- Work required
Copy out, unchanged, the entries below from the "ウィークリー ウォッシュタオル フェイスタオル" line to the final line. Omit pictures.

- Data for analysis
┄┄┄┄┄┄

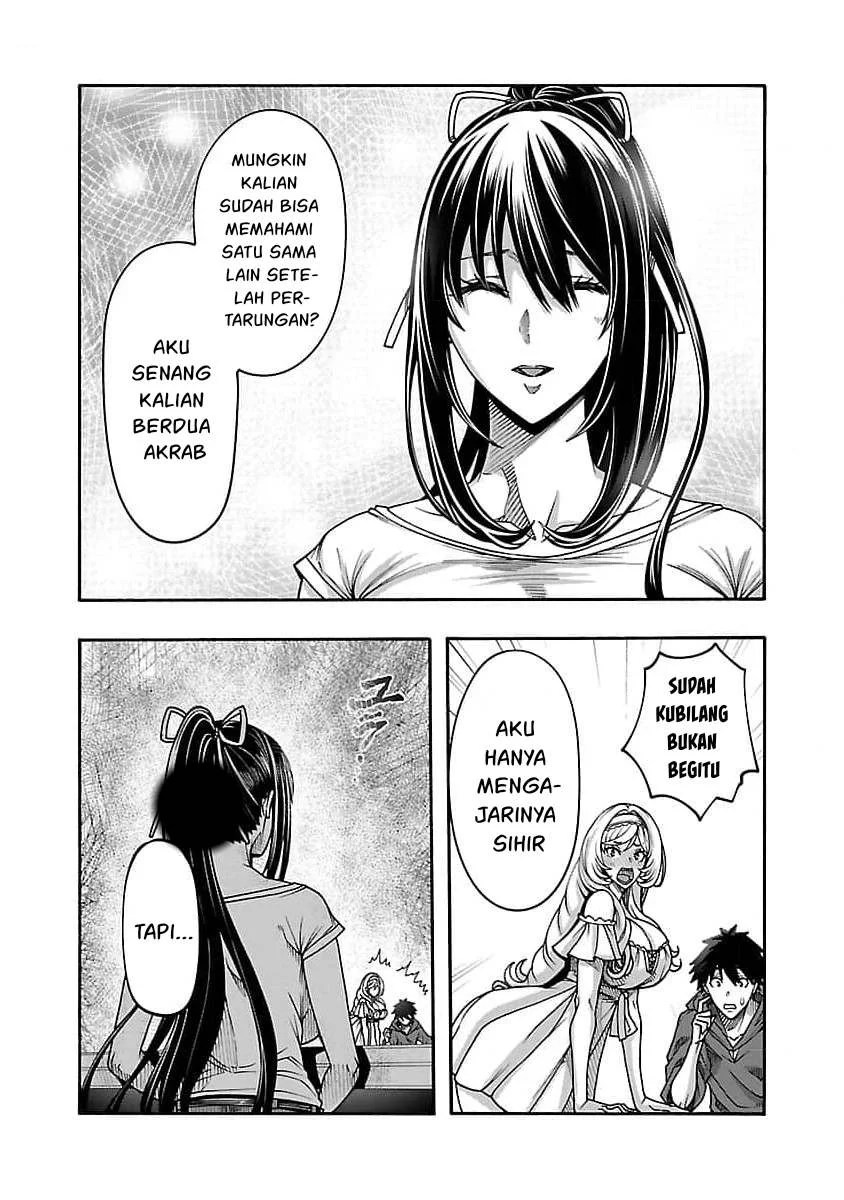 Erotical Wizard &#038; Twelve Brides - Chapter 9.1 30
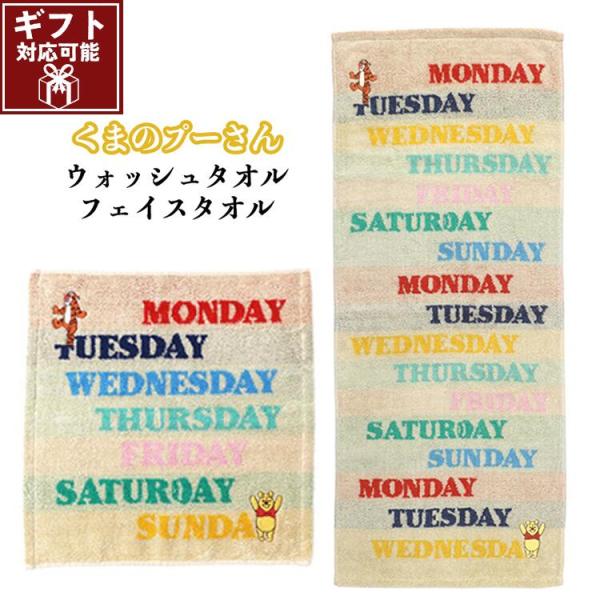 ◎★ギフト対応可 ディズニー くまのプーさん ウィークリー ウォッシュタオル フェイスタオル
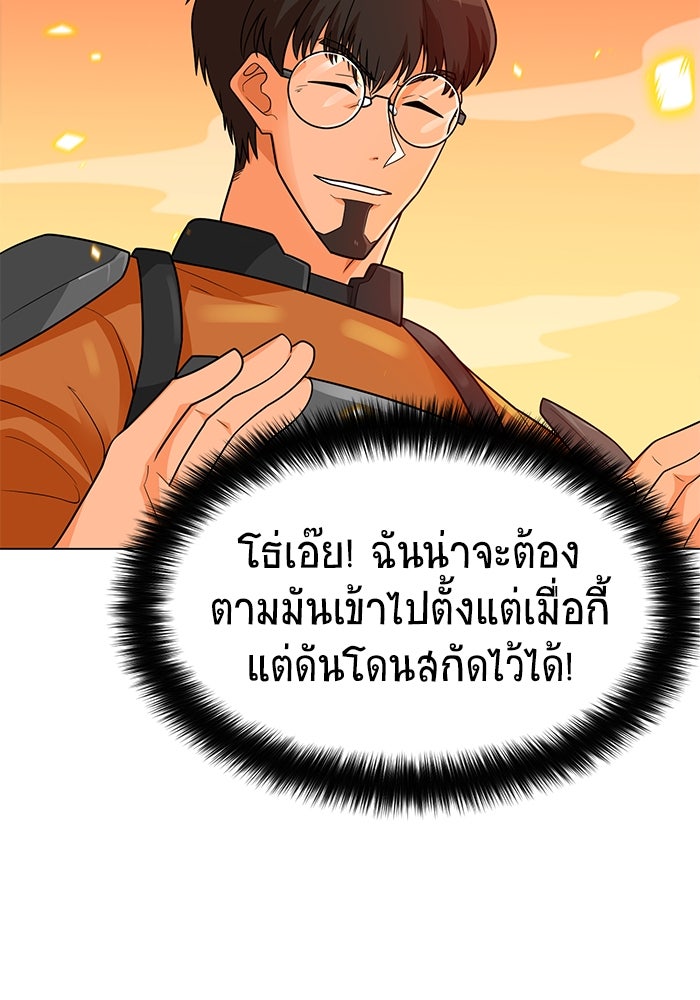นักล่าโหมดออโต้ - หน้า 24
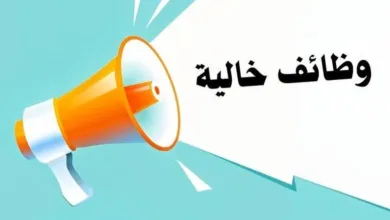 مديرية العمل تعلن عن توفير 945 فرصة عمل بالقليوبية - صور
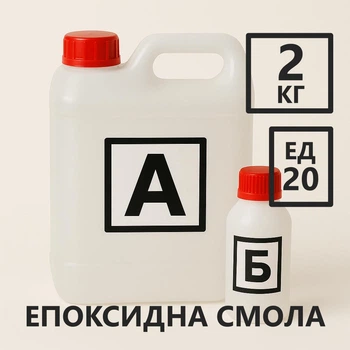 Епоксидна смола ЕД-20 з затверджувачем, прозора, для творчості та стільниць, комплект 2 кг + 0.2 кг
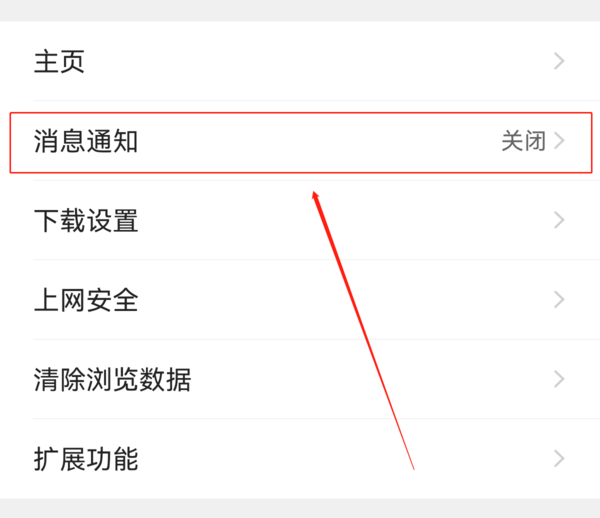图：qq浏览器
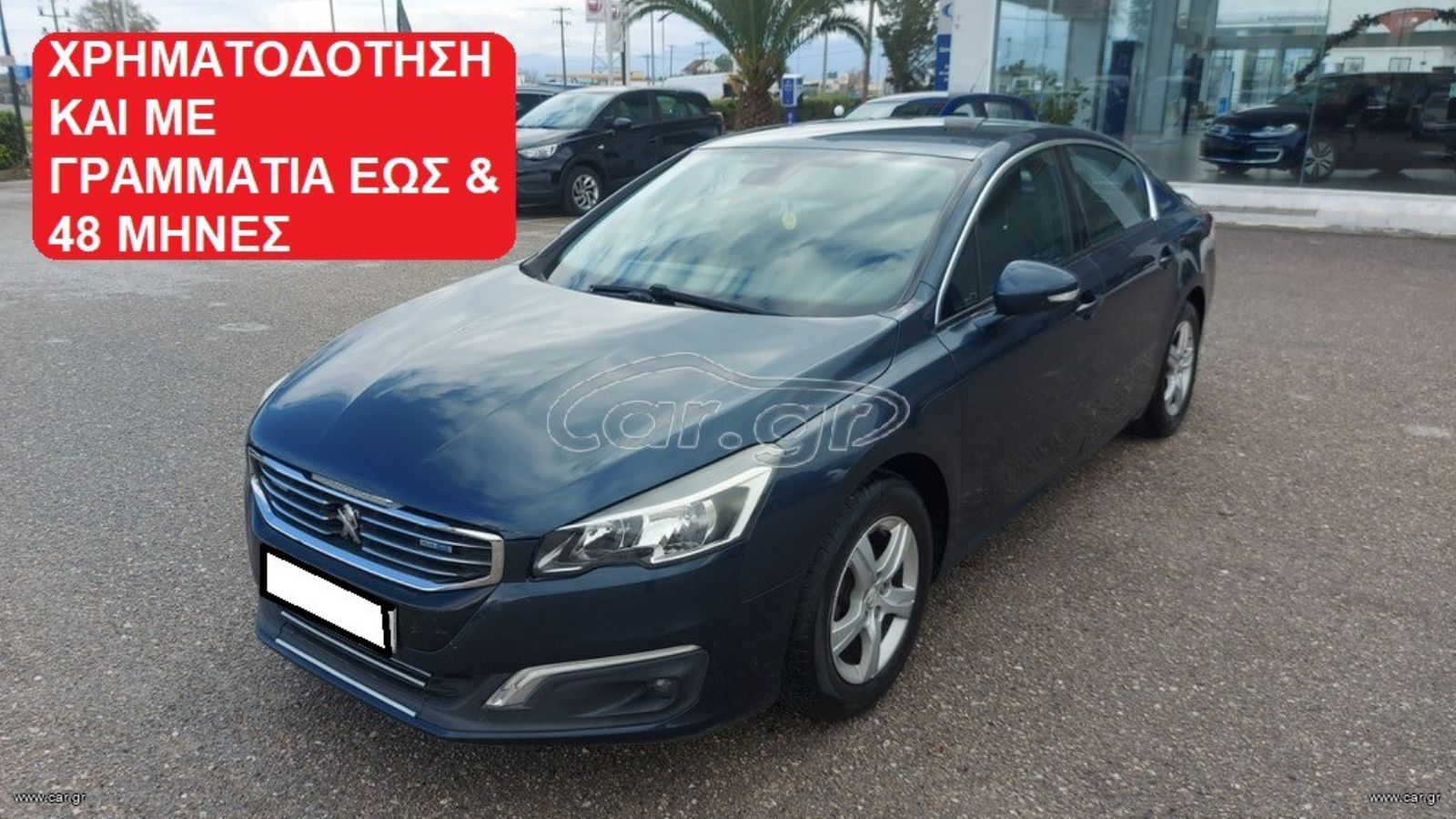 PEUGEOT 508 2016
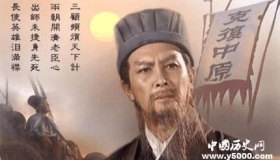 诸葛亮为什么会自比为管仲、乐毅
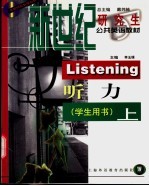 新世纪研究生公共英语教材 听力 学生用书 上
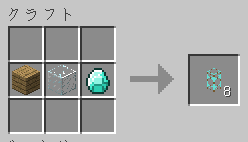 Build Craft Wodden Diamond Pipe Recipe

┄┄┄┄┄┄

- Response area
 ◎★ギフト対応可 ディズニー くまのプーさん ウィークリー ウォッシュタオル フェイスタオル
นักล่าโหมดออโต้ - หน้า 24
 مديرية العمل تعلن عن توفير 945 فرصة عمل بالقليوبية - صور
 Епоксидна смола ЕД-20 з затверджувачем, прозора, для творчості та стільниць, комплект 2 кг + 0.2 кг
图：qq浏览器
 PEUGEOT 508 2016
 诸葛亮为什么会自比为管仲、乐毅
 新世纪研究生公共英语教材 听力 学生用书 上
 Build Craft Wodden Diamond Pipe Recipe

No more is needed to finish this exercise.